The Tipp man's brief stint in Germany certainly paid off.
En route to winning the Contractor of the Year award last year, the Moloney team impressed the judging panel- which included an inspector from the Health and Safety Authority - with their relentless focus on machinery safety and logical approach to keeping a good cash-flow through the business.
A job diary is kept recording all work done on a daily basis, and this is then transferred to invoices on a client or job basis depending on the clients requirements.
Accounts are sent out as soon as a particular job is finished.
Maintenance and repair of machinery under warranty is carried out by the relevant dealers but the rest is carried out in house at the team's impressive workshop.
The team keep maintenance and inspection forms for each machine. A weekly machine inspection list is also kept for each machine.

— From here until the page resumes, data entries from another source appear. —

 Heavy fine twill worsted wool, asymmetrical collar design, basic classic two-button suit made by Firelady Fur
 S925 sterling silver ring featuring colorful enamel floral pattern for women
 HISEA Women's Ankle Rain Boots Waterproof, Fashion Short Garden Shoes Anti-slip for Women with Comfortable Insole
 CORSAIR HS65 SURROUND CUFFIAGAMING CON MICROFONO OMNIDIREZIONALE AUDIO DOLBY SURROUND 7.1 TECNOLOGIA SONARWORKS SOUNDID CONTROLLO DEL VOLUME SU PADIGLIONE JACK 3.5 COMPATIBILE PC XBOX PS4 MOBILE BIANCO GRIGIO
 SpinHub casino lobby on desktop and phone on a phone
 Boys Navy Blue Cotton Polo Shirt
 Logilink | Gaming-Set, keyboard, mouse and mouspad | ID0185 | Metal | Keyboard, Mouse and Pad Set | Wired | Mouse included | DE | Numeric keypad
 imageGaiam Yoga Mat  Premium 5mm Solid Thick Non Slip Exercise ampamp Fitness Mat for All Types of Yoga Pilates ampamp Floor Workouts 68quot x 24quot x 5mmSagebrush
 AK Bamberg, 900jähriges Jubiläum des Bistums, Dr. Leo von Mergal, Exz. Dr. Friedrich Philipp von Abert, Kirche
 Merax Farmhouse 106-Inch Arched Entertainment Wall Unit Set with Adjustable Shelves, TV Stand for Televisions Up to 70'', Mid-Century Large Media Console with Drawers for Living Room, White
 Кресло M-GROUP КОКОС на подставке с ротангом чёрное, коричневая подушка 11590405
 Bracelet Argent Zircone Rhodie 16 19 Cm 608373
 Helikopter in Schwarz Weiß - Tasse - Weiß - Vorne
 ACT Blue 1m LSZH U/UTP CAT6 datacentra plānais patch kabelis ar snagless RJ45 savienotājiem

If pushed, Moloney Agri say they have a preference for four cylinder tractors where suitable because they have lower depreciation rates than six cylinder models.
They are big New Holland fans, as seen from the fleet list above.
Machines are generally not replaced for a minimum of six years. Grassland machines are generally replaced after six seasons; tractors are often kept for longer as they tend to be more reliable if well maintained.
In relation to expansion plans, the Moloney team feel slurry spreading is one area that has the potential for growth.
"A lot of farmers have invested in bigger storage tanks but have not updated their slurry tankers because they feel the contractor can spread and cover the ground faster, especially as farmers are quite busy during the spring time," says Thomas Moloney.